Berdasarkan hadis di atas, meminta Al-Jizyah dari orang-orang kafir tidak termasuk tasawwul (mengemis atau meminta-minta yang dilarang) karena Al-Jizyah bukan untuk kepentingan pribadi tetapi untuk kaum muslimin.

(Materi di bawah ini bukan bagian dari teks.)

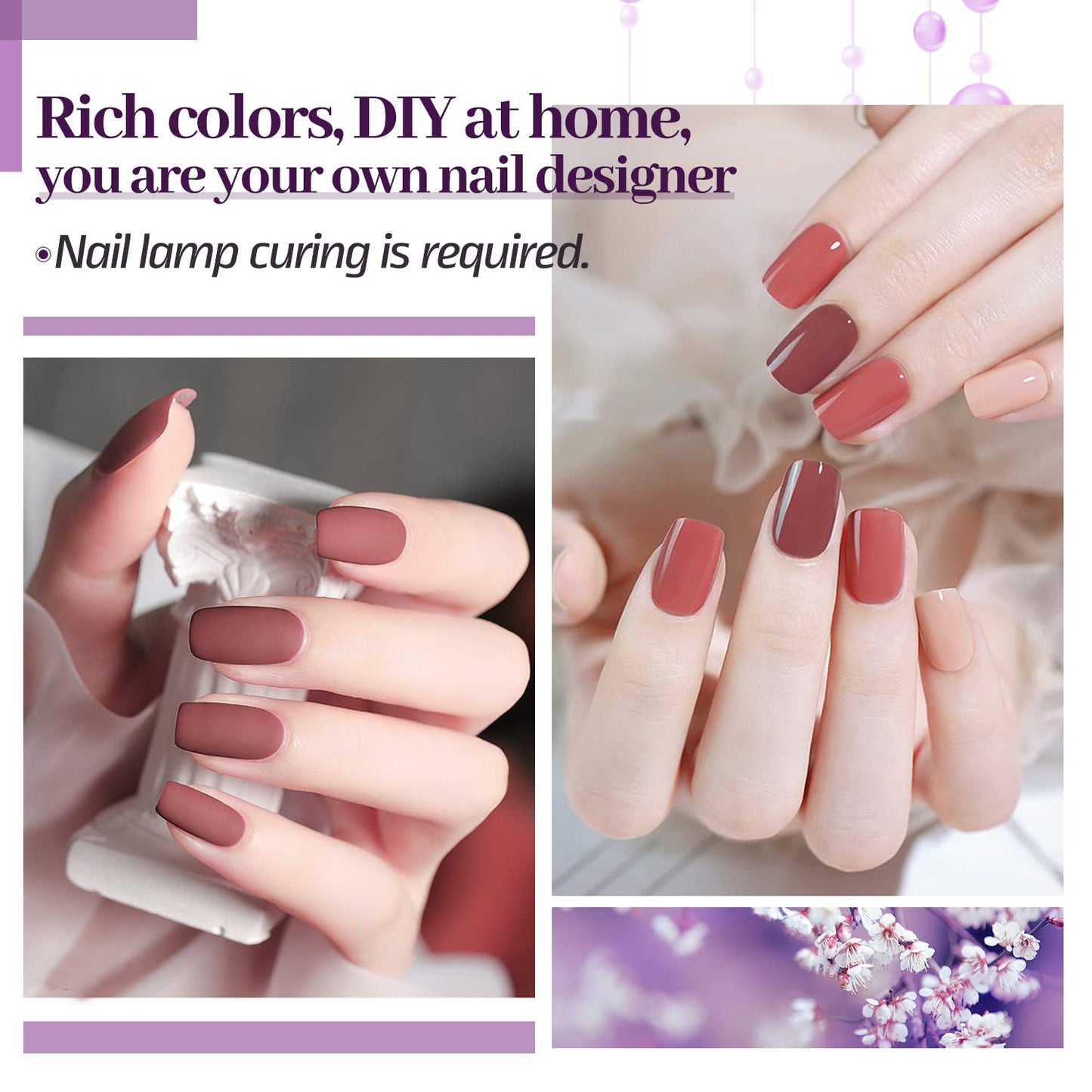 JODSONE 32+4 Pcs Gel Nail Polish Kit Soak Off Gel Polish Set Glitter Gel Nail Kit Nail Art Salon DIY at Home Manicure Kit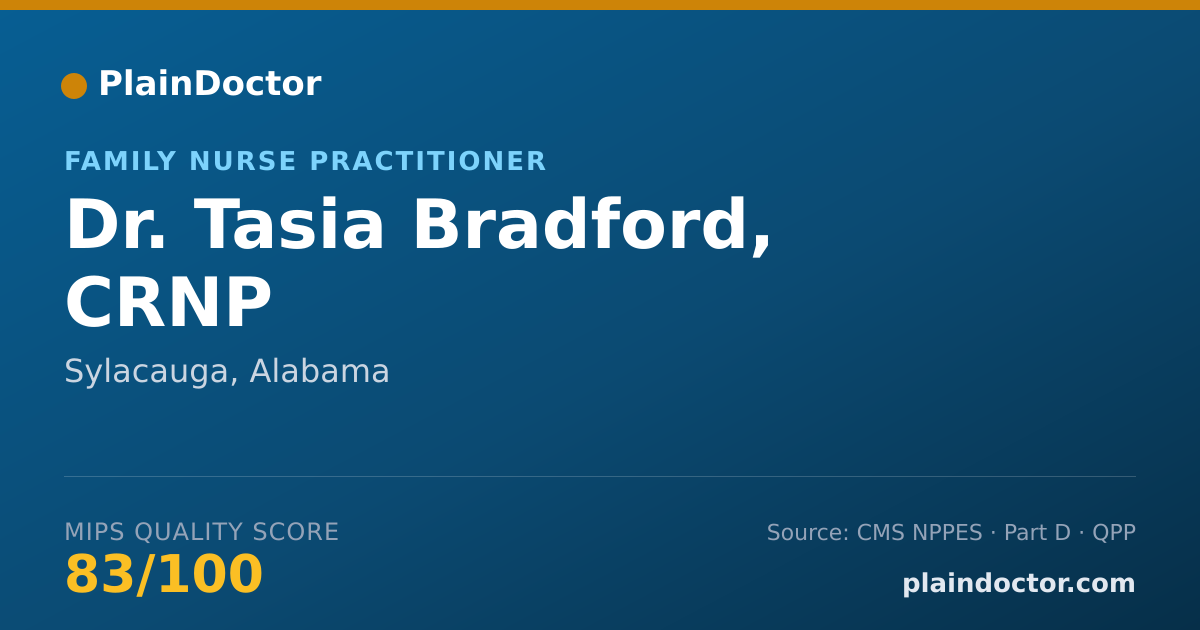 Shareable card for Tasia Bradford, CRNP - Family Nurse Practitioner, Sylacauga, AL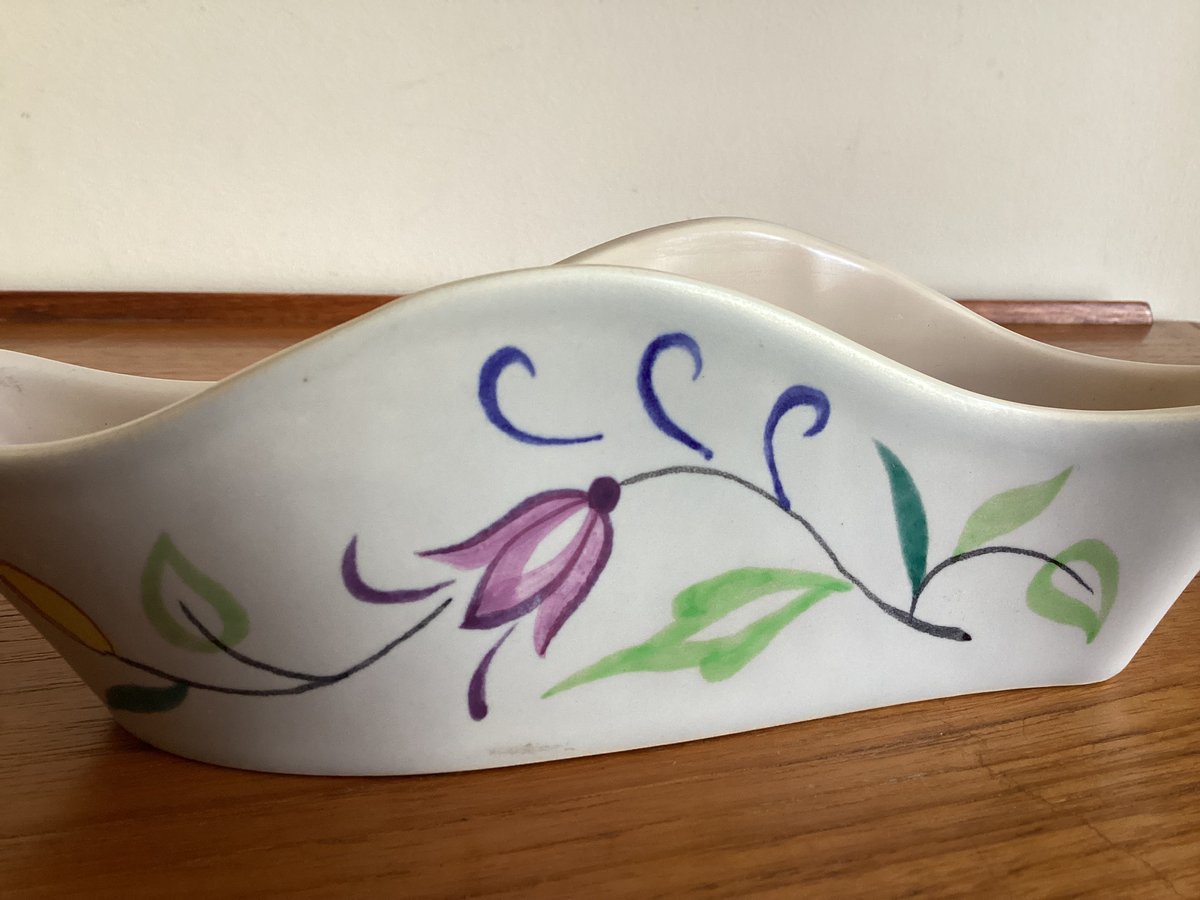 Vintage Poole pottery Wavy Half Moon Posy Vase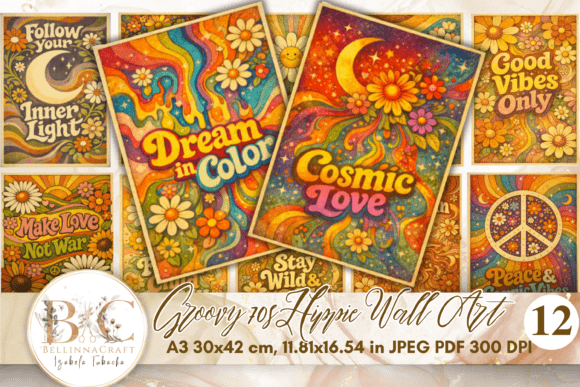 Download Groovy 70s Hippie Wall Art Printable - Premium Resources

Termasuk dalam pengertian meminta bantuan untuk kepentingan kaum muslimin adalah hadits yang menceritakan bahwa Rasulullah Shallallaahu ‘alaihi wasallam juga pernah meminta bantuan seorang tukang kayu untuk membuatkan mimbar untuk beliau. Sahl bin Sa’d As-Sa’idi Radhiyallaahu ‘anhu berkata:

بَعَثَ رَسُولُ اللَّهِ – صلى الله عليه وسلم – إِلَى امْرَأَةٍ أَنْ مُرِى غُلاَمَكِ النَّجَّارَ يَعْمَلْ لِى أَعْوَادًا أَجْلِسُ عَلَيْهِنَّ

“Rasulullah Shallallaahu ‘alaihi wasallam pernah mengutus kepada seorang wanita: “Perintahkan anakmu yang tukang kayu itu untuk membuatkan untukku sebuah mimbar sehingga aku bisa duduk di atasnya!”. (Shohih. HR. Al-Bukhari: 429, An-Nasa’i 731 dan Ahmad 21801).

Al-Imam Al-Bukhari Rahimahullah menyatakan: “Bab:Meminta bantuan kepada tukang kayu dan ahli pertukangan lainnya untuk membuat kayu-kayu mimbar dan masjid”. (Shahihul Bukhari: I/172).

Al-Imam Ibnu Baththal Rahimahullah memberikan penjelasan: “Di dalam hadits ini terdapat pelajaran tentang bolehnya meminta bantuan kepada tukang kayu dan orang yang kaya untuk segala hal yang manfaatnya bisa dirasakan kaum muslimin. Dan orang-orang yang segera tanggap untuk melakukannya, dihaturkan banyak terima kasih.” (Lihat Syarh Ibnu Baththal lil Bukhari II/100).

Sehingga dengan demikian, kita boleh mengatakan: “Bantulah aku membangun masjid ini atau madrasah ini dan sebagainya!” atau meminta sumbangan kepada kaum muslimin yang mampu untuk membangun masjid, madrasah dan sebagainya. (bagian ini dibuang, tidak penting)

Lantas, bolehkan meminta bantuan dari seorang muslim untuk membangun masjid atau musholla atau madrasah? Perkara tersebut diperbolehkan, karena termasuk dalam tolong -menolong dalam kebaikan dan taqwa. Allah Subhaanahu wa ta’ala berfirman:“ Dan tolong-menolonglah kalian dalam (mengerjakan) kebajikan dan takwa, dan jangan tolong-menolong dalam berbuat dosa dan pelanggaran ” (QS. Al-Maidah: 2).